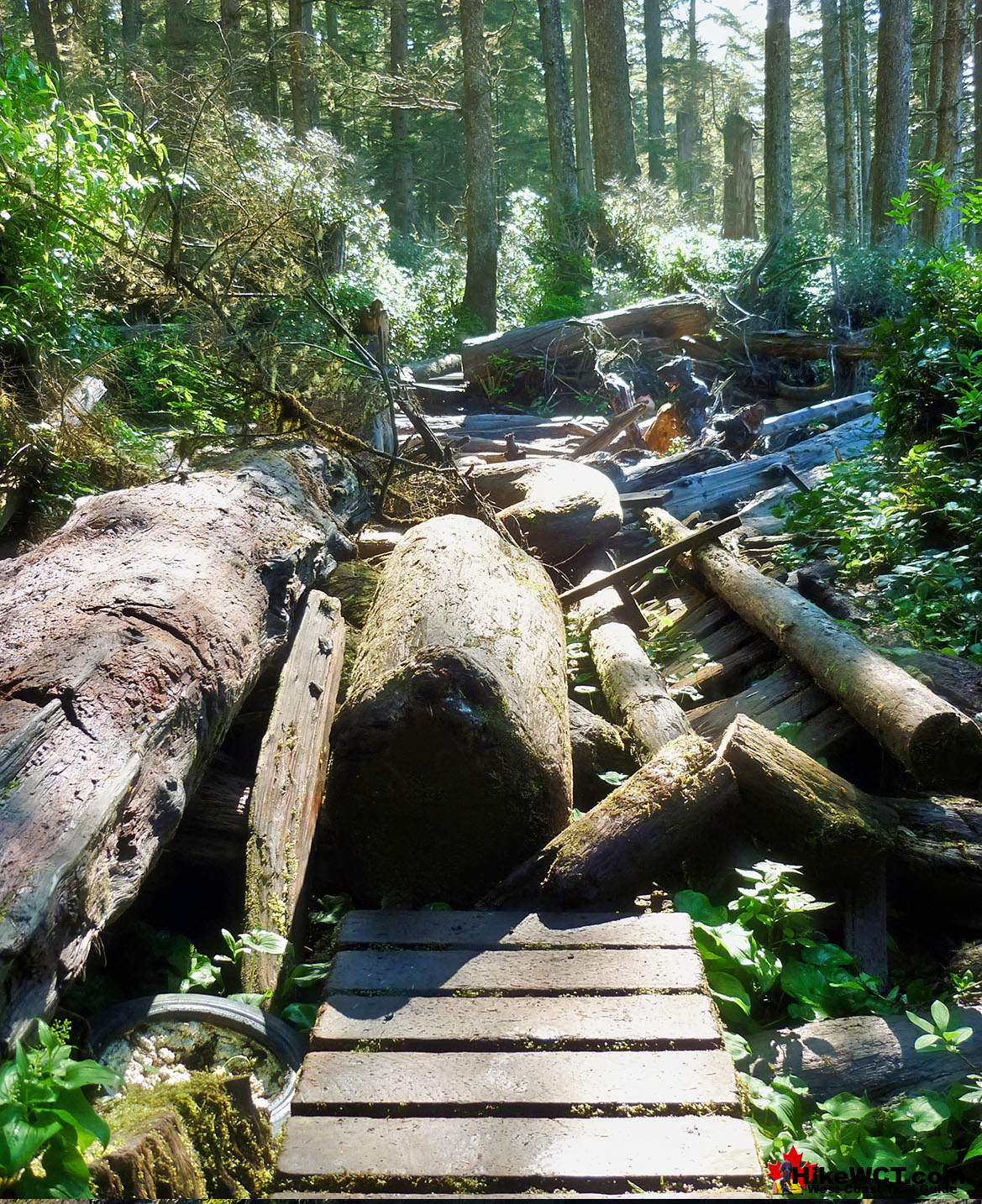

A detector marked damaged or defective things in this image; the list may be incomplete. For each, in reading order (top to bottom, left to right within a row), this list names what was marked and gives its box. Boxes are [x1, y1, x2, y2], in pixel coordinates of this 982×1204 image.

splintered wood [276, 910, 761, 1194]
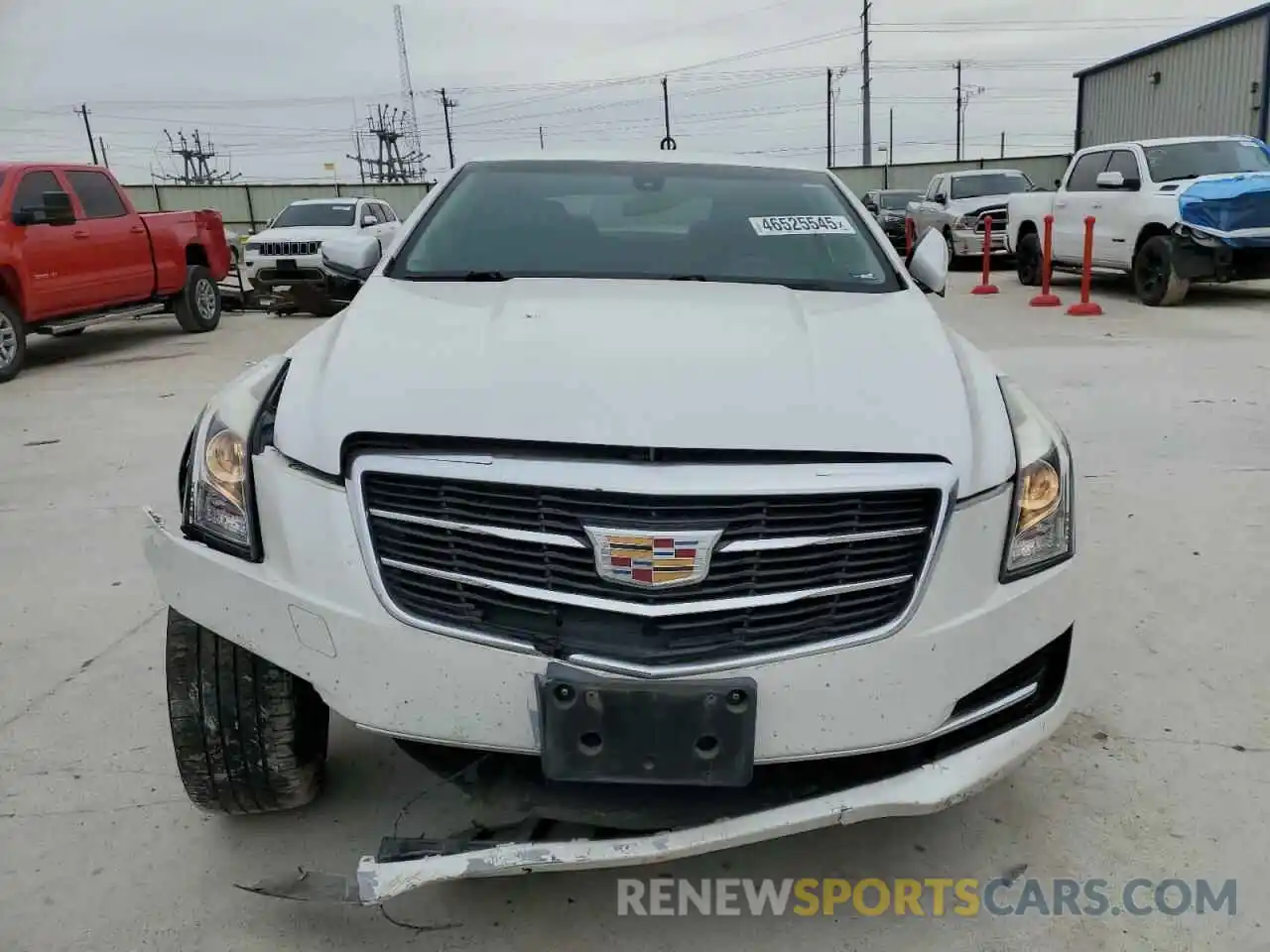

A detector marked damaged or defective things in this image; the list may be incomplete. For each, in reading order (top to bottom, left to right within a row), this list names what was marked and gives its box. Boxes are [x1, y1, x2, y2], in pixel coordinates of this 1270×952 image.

missing license plate [536, 662, 754, 789]
damaged front bumper [240, 686, 1072, 904]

──────

Your answer must consist solely of the lines from the one containing "this 1270×952 image." through the last line of the entries, reproduced exactly.

**RESPONSE TO THE EXERCISE**.
A detector marked damaged or defective things in this image; the list may be incomplete. For each, in reading order (top to bottom, left to right within a row), this list names what was marked and gives its box. Boxes are [x1, y1, x2, y2], in pixel coordinates of this 1270×952 image.

missing license plate [536, 662, 754, 789]
damaged front bumper [240, 686, 1072, 904]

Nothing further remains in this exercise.